→ WORK TO BE COMPLETED
Everything from the opening line of the records below up to and including the line containing "6650 Blue Ridge Way - Photo 43" should be retyped exactly, minus the pictures.

→ DATA TO EXAMINE
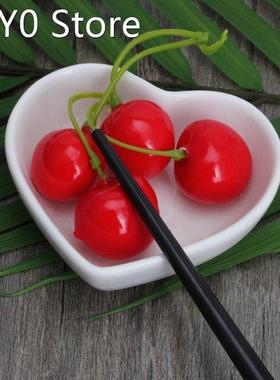 Antique Oblique Calligraphy Script Dip Pen Nib Holder Signat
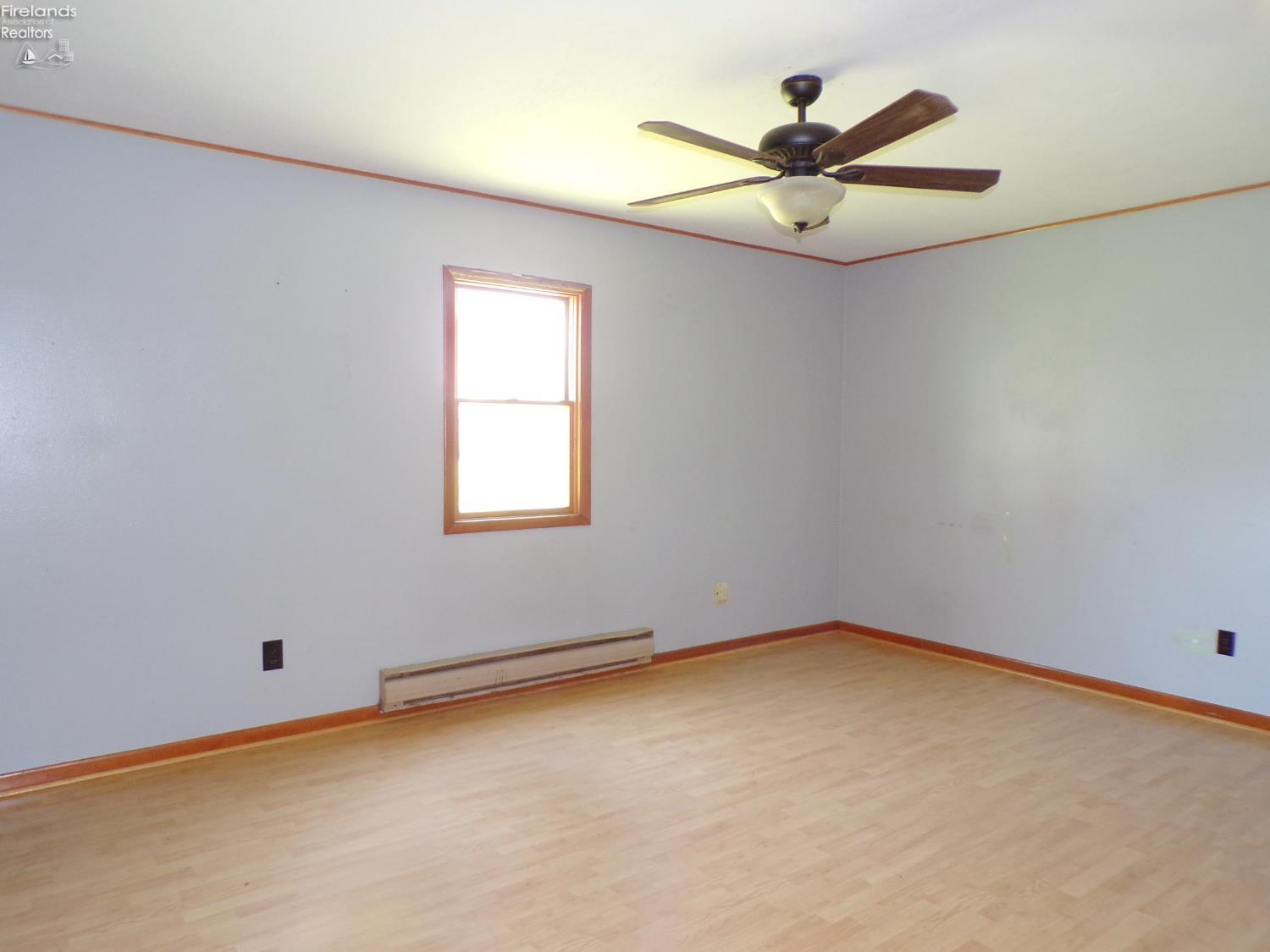 9584 Bradner Road, Rising Sun, New Mexico image 6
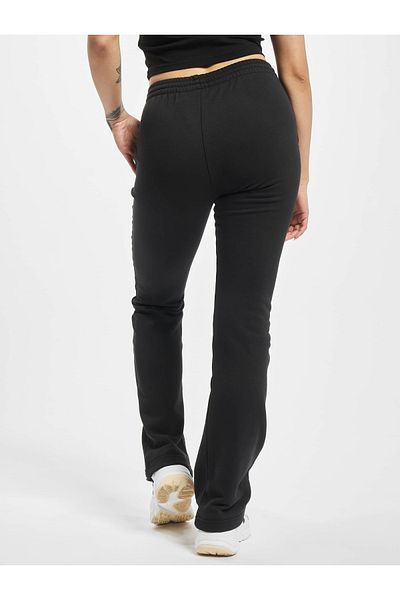 adidas Damen adidas Trainingshose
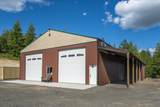 6650 Blue Ridge Way - Photo 43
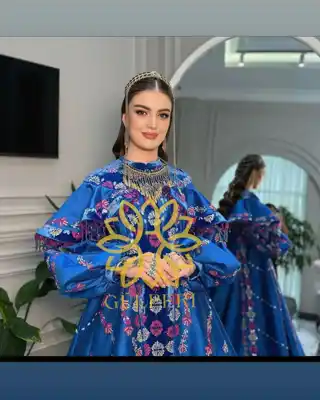 Türkmen fasonlar pombarh fasonlar Fasonlar 2025 fasonlar fason moda modalar Bezen bezen Türkmen fasonlar 2026 Türkmen fasonlar 2025 Türkmen fasonlar 2024 Türkmen fasonlar 2023 turkmenistan türkmenistan turkmen türkmen ashgabat  asgabat aşgabat balkan mary lebap dashoguz dasoguz daşoguz pombarh ponbarhat gulyupek gülýüpek stapel ştapel Gralan Çüýdeşen Abaýa Gadymy Krep Gurultaý 	Keteni Ýüpek Şifon Gipýur Lyon Welwet Atlas Kaşemir Streýç Suzana Ştapel Gülýüpek Pombarh Ýupka Gursakça Aksesuarlar Palto Penjek Okuw eşik Fata Sport eşik Uniforma Nakidka Öýme Şarf kompýuter ýaka ýaglyk Arenda köýnek 2nji el köýnek Taýyn köýnek Matalar Milli lybas milli lybaslar Toý köýnek Toý köýnekler toy koynek toy koynekler gundelik koynekler Gündelik	 
 köýnekler fata koynek Modern taze fason Eskiz koynektm turkmenkoynek türkmenkoynek fason moda moda fasonlar Iş eşik el iş	sada	ýakaly ýakasyz	keşdeli biserli	ýeňli giň nagyşly ýüregi açyk stoýka ýaka ýanly kombinasiýa 	zerli üsti aşak guşakly seçekli gysga ýeňli Ýüpek Toý köýnek el iş, biserli  Gök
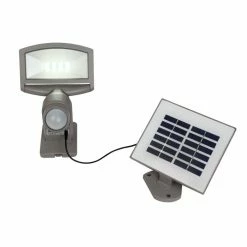 Lutec Lampen SUNSHINE Außenwandleuchte LED Silber, 1-flammig, Bewegungsmelder 21 Lutec Lampen SUNSHINE Außenwandleuchte LED Silber, 1-flammig, Bewegungsmelder -Günstiges Solarleuchten Geschäft lutec lampen sunshine aussenwandleuchte p 9016 si 7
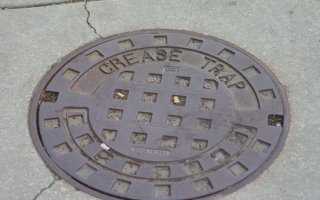 Family-Owned Back-of-House Restaurant Service Business - Pre-approved for SBA Financing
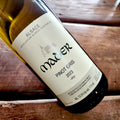 2023 Mader Pinot Gris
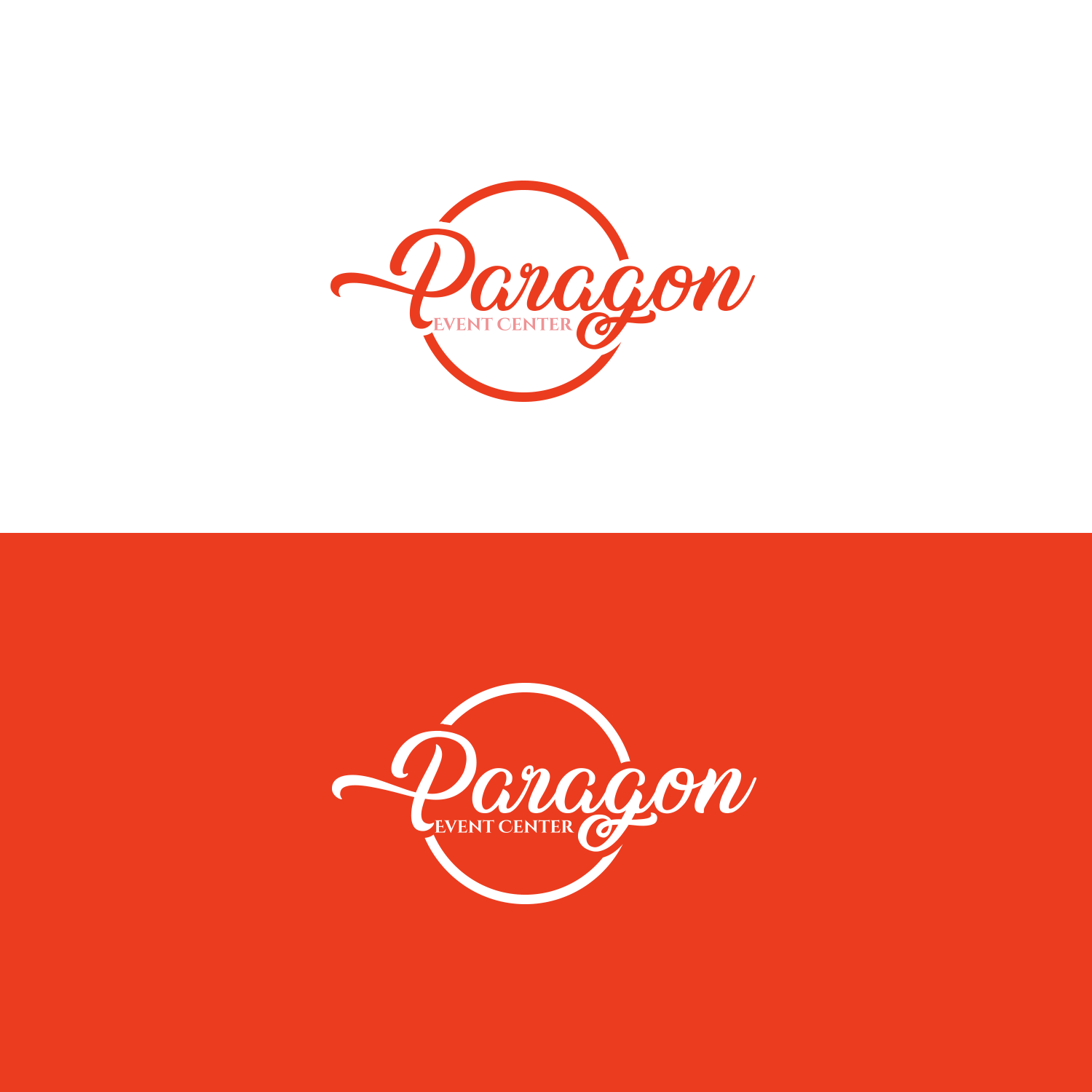 Logo Design by sulemani  creation for this project | Design #37235628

→ ANSWER BELOW
 Antique Oblique Calligraphy Script Dip Pen Nib Holder Signat
 9584 Bradner Road, Rising Sun, New Mexico image 6
 adidas Damen adidas Trainingshose
 6650 Blue Ridge Way - Photo 43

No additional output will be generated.